I'm currently using cross_val_score and KFold to assess the impact of using StandardScaler at different points within data pre-processing, specifically whether scaling the entire training dataset prior to performing cross validation introduces data leakage and what the effect of this is when compared to scaling the data from within a Pipeline (and therefore only applying it to the training folds).
my current process is as follows:
Experiment A
- Import the boston housing dataset from sklearn.datasets and split into Data (X) and target (y)

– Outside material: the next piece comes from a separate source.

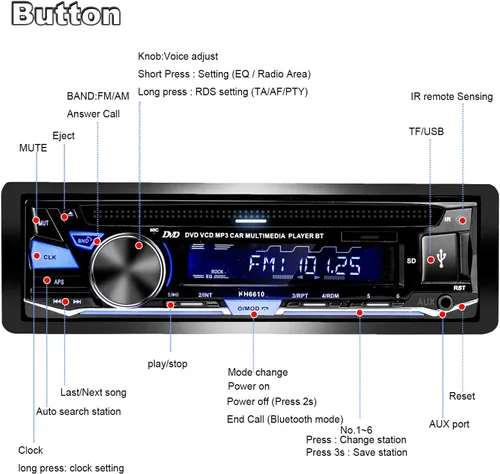 Vista 8 de Estéreo de coche de un solo DIN con reproductor de CD/DVD Bluetooth Radio FM/AM/RDS Receptor de audio USB SD AUX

- create a Pipeline (sklearn.pipeline), that applies StandardScaler before applying linear regression
- Specify the cross validation method as KFold with 5 folds
- Perform cross validation (cross_val_score) using the above Pipeline and KFold method and observe the score
Experiment B
- Use the same boston housing data as above
- fit_transform StandardScaler on the entire dataset
- Use cross_val_Score to perform cross validation on again 5 folds but this time input LinearRegression directly rather than a pipeline
- Compare the scores here to Experiment A
The scores obtained are identical (to around 13 decimal places) which I question as surely Experiment B introduces Data Leakage during cross validation.
I've seen posts stating that it doesnt matter whether scaling is done on the entire training set before cross validation, if this is true I'm looking to understand why, if this isn't true I'd like to understand why the scores can still be so similar despite the data leakage?
See my test code below:
import numpy as np
import pandas as pd
from sklearn.pipeline import Pipeline
from sklearn import datasets
from sklearn.preprocessing import StandardScaler
from sklearn.svm import LinearSVC
from sklearn.model_selection import KFold, StratifiedKFold
from sklearn.model_selection import cross_val_score, cross_val_predict
from sklearn.linear_model import LinearRegression
np.set_printoptions(15)
boston = datasets.load_boston()
X = boston["data"]
y = boston["target"]
scalar = StandardScaler()
clf = LinearRegression()
class StScaler(StandardScaler):
def fit_transform(self,X,y=None):
print('Length of Data on which scaler is fit on =', len(X))
output = super().fit(X,y)
# print('mean of scalar =',output.mean_)
output = super().transform(X)
return output
pipeline = Pipeline([('sc', StScaler()), ('estimator', clf)])
cv = KFold(n_splits=5, random_state=42)
cross_val_score(pipeline, X, y, cv = cv)
# Now fitting Scaler on whole train data
scaler_2 = StandardScaler()
clf_2 = LinearRegression()
X_ss = scaler_2.fit_transform(X)
cross_val_score(clf_2, X_ss, y, cv=cv)
Thanks!